Global oil prices have been experiencing remarkable movements recently. This shift has been driven by several intertwined factors, most notably US trade decisions and China’s oil import data. As investors try to understand these shifts, the gap between cautious optimism and concerns about an economic slowdown is widening.
Tariff Waivers Give Markets a New Boost
US President Donald Trump announced a series of tariff waivers for imported electronic products. This announcement has contributed to a boost in market confidence, particularly for commodities linked to economic growth, such as oil.
Brent crude futures have returned to levels near $65 per barrel, while West Texas Intermediate (WTI) crude has touched $61.66. Although the increases may not appear significant, their psychological impact on investors is clear.
These waivers have reinforced expectations of a recalibration of tariff policies on cars and auto parts imported from Canada and Mexico. It has been suggested that the 25% tariff could be reduced, sending positive signals to the market. Although markets received the news positively, some analysts expressed skepticism. Tina Teng, a market analyst, explained that Trump’s volatility makes it difficult to predict the direction of US trade policy.
Chinese data supports global demand
On the other side of the globe, recent data revealed a 5% increase in Chinese crude oil imports compared to last year. This increase is a sign that Beijing is preparing for the possibility of a decline in Iranian supplies, especially with the intensification of US sanctions. Chinese purchases of Iranian and Russian oil increased in March, helping to offset some supply concerns. These figures provided a strong boost to oil prices, especially in light of OPEC’s lower demand forecasts.
ConocoPhillips is also a major beneficiary of lower costs. It holds more than 20 billion barrels of resources, with costs below $40.
Trade tensions threaten stability
Despite apparent support from China and the United States, concerns have not yet dissipated. The trade war continues, and the conflict between Washington and Beijing escalated after Trump raised tariffs on Chinese goods.
Beijing responded by raising its tariffs to 125% on some US products. As tensions escalated, concerns emerged about a decline in global growth, which could negatively impact fuel consumption.
These concerns translated into downward revisions to oil price forecasts. For example, Goldman Sachs lowered its forecast average price for Brent crude for 2025 to $63, while BMI reduced its estimate from $76 to $68.
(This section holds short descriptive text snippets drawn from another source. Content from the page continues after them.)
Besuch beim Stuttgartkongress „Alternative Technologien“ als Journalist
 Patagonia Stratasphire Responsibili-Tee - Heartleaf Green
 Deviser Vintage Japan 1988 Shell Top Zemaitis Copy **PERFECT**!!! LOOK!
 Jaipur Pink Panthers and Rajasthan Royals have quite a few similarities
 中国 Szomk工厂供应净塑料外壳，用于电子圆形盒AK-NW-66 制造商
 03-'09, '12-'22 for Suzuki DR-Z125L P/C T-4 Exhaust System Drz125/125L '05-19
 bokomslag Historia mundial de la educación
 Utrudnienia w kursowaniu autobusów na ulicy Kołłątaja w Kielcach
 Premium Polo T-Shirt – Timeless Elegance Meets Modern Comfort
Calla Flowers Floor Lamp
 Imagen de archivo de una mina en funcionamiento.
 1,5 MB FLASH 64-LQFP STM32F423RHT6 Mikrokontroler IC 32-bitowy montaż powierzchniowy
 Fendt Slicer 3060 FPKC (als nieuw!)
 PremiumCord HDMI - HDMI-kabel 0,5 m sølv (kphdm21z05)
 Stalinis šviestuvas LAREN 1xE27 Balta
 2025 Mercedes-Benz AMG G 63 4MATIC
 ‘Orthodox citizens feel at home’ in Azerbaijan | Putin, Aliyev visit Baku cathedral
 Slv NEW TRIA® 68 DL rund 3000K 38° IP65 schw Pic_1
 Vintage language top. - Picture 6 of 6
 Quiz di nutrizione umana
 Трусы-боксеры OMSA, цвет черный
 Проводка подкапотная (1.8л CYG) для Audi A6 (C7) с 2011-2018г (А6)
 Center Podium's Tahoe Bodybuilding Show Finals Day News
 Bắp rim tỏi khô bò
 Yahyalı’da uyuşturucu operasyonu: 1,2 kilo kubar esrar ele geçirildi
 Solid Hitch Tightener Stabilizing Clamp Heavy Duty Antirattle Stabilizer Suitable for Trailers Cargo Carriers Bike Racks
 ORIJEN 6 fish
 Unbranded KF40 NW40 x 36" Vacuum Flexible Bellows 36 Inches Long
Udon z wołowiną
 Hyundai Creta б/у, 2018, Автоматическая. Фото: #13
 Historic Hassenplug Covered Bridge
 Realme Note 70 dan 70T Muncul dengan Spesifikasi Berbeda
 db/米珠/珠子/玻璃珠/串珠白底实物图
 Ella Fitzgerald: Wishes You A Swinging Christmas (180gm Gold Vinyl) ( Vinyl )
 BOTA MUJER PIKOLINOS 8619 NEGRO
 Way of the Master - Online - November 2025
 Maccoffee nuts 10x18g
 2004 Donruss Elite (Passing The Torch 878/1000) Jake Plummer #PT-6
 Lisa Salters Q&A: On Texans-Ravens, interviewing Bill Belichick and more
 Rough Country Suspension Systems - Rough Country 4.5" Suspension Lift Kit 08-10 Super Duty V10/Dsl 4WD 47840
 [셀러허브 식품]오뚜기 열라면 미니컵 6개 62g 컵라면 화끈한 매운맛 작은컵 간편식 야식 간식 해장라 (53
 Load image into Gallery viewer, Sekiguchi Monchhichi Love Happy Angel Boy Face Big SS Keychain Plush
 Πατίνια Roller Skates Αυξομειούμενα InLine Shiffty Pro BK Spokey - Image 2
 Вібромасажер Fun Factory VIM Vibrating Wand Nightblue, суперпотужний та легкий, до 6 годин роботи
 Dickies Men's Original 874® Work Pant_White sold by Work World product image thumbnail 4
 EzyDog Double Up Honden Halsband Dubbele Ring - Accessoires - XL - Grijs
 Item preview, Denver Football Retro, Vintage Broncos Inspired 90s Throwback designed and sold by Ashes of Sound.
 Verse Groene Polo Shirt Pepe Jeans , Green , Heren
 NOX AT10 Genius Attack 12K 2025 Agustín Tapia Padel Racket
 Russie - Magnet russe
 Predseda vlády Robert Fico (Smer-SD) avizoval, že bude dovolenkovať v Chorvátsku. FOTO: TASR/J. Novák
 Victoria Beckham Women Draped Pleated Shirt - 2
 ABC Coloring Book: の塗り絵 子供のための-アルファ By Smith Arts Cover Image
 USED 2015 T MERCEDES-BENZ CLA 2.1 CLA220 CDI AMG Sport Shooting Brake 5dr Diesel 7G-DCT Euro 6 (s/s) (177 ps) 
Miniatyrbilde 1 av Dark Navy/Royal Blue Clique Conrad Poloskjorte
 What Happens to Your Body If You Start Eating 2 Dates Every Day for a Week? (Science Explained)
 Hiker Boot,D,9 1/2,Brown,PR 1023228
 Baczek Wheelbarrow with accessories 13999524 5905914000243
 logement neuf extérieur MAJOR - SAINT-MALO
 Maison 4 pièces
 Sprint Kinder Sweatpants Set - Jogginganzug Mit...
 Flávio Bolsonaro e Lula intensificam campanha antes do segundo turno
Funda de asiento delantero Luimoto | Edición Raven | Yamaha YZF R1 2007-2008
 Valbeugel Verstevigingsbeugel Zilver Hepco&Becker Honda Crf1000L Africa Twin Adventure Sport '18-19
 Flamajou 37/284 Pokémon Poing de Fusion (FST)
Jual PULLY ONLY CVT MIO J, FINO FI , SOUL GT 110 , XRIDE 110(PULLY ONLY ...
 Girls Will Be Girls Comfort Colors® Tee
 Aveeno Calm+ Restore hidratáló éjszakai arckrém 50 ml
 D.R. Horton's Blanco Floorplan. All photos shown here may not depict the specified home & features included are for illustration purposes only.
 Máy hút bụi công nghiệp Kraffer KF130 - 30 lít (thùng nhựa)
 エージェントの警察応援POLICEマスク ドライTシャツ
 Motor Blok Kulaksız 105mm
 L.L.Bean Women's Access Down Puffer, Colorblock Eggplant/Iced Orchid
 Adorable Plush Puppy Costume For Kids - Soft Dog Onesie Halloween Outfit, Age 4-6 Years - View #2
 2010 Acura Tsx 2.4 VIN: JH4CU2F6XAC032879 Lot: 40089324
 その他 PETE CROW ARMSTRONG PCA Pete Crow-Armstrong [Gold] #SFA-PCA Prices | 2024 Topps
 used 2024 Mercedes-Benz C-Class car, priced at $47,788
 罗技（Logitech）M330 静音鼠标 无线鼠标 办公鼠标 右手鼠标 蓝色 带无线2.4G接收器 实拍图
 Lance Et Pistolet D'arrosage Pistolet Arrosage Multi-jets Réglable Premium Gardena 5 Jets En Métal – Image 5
Implications for the US Market
The US measures reflect a dual effect. On the one hand, the tariff waivers support markets, while on the other, unstable policies reduce investor confidence. In a related development, data from Baker Hughes showed that US energy companies reduced the number of drilling rigs at the largest pace since June 2023. This decision is attributed to concerns about declining demand and weak returns in the short term.
Will the Iranian issue fuel higher prices?
The Iranian nuclear issue is another influencing factor. The United States has threatened to completely halt Iranian oil exports in an attempt to pressure Tehran. Amid this escalation, global supplies could shrink, potentially boosting prices.
Meanwhile, talks between the two sides began in Oman over the weekend. These talks were described as positive, potentially opening the door to easing tensions and, consequently, calming the market.
Are oil company stocks affected?
As oil prices fluctuate, the performance of energy companies shifts. Despite the relative decline in prices, some companies have demonstrated remarkable resilience, thanks to low production costs and vast resources. Devon Energy is a case in point. The company owns thousands of sites capable of generating profits even at $40 per barrel.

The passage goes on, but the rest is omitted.